Chapter 7 - Atom-Centered Potentials for Noncovalent Interactions and Other Applications

Abstract

This chapter provides an overview of the use of atom-centered potentials (ACPs) in a variety of applications. First, we briefly review the development of ACPs and the underlying theory for application as effective core potentials. ACPs have been used extensively by the modeling community since the early days of computational chemistry and condensed matter physics to calculate the properties of systems containing atoms in the lower part of the periodic table and for solid phase systems. We then outline more recent work that applied the concept of ACPs to tackle the “link atom” problem that is present in the application of quantum mechanical–molecular mechanics modeling of large systems in which the quantum mechanical region of interest is covalently bonded to the molecular mechanics regime.
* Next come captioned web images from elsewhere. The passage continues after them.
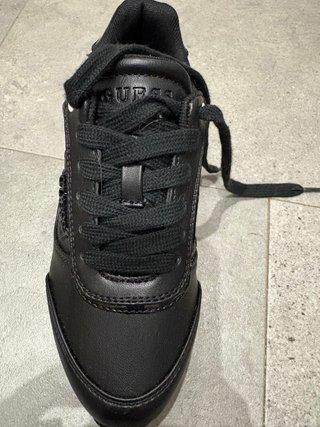 Zapatillas Guess Hansini Negras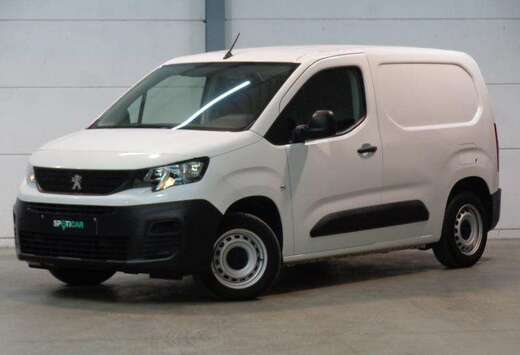 Peugeot 1.5HDi 3Pl - Clim - Attelage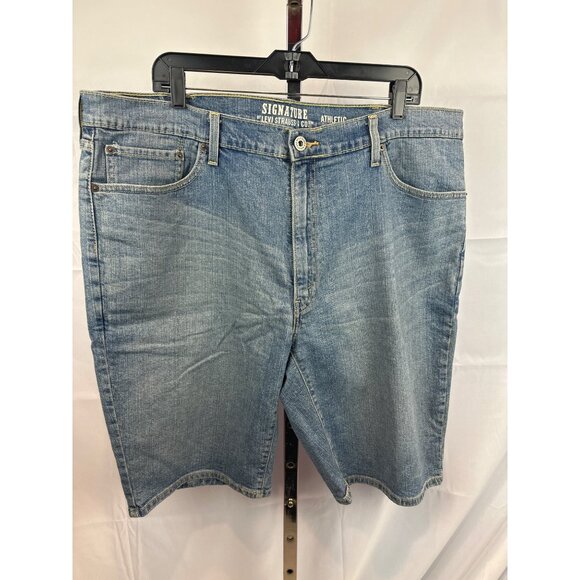 LEVIS SIGNATURE ATHLETIC FIT MENS DENIM JEAN SHORTS SIZE W40 LIGHT WASH COTTON B - Picture 1 of 8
The development of this new kind of ACP, in which all but one electron of carbon (or silicon) are represented by potentials, provides an interesting approach to artificially limiting the quantum mechanical region. A review of later work that leveraged the flexibility associated with ACPs to correct for the absence of dispersion physics in conventional density-functional theory methods is then described. In this context, the ACPs are termed dispersion-correcting potentials (or DCPs). By the nature of their development, which is entirely empirical, DCPs correct for additional short-comings present in conventional density-functional theory modeling techniques, including those of the underlying functional and those associated with the use of small atom-centered basis sets. This chapter closes with some prospects for future applications of ACPs.